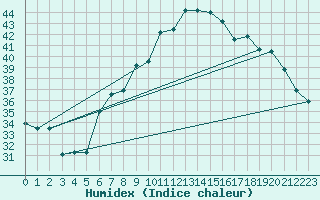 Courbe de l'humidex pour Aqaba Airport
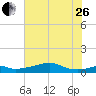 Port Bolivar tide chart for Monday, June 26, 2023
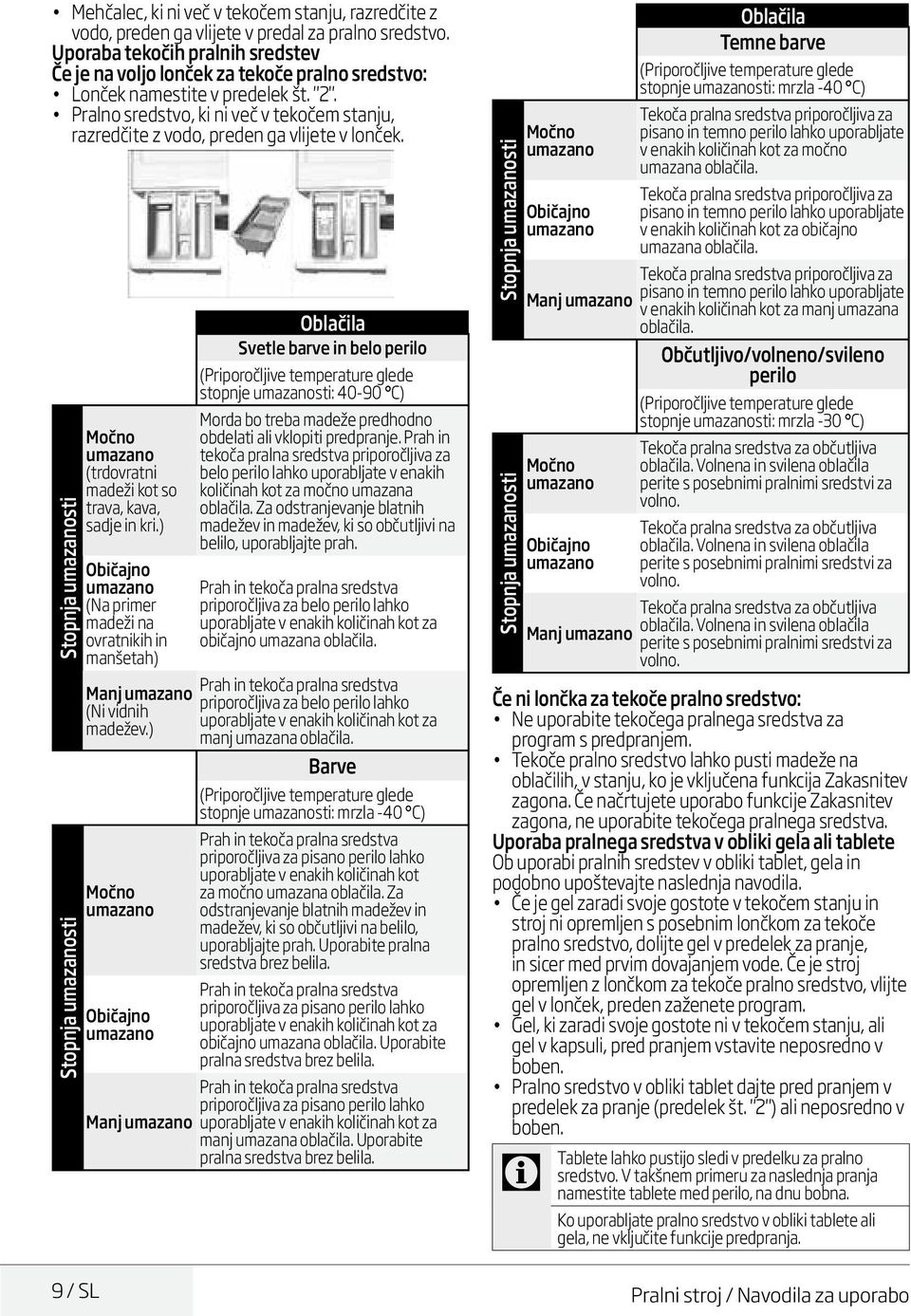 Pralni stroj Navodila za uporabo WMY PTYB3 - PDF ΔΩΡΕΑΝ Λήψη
--
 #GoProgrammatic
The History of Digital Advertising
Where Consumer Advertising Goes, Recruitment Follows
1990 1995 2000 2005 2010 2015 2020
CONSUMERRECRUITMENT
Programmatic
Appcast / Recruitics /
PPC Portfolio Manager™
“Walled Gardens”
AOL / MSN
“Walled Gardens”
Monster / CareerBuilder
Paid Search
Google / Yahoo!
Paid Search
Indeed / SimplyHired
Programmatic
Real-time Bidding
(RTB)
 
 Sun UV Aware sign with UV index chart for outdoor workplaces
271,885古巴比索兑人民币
...
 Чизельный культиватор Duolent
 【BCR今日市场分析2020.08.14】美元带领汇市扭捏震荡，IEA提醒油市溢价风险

**The problem:**
Output the lines above exactly, but only those between the line holding "Real-time Bidding" and the line holding "271,885古巴比索兑人民币", inclusive.

**Task answer:**
Real-time Bidding
(RTB)
 
 Sun UV Aware sign with UV index chart for outdoor workplaces
271,885古巴比索兑人民币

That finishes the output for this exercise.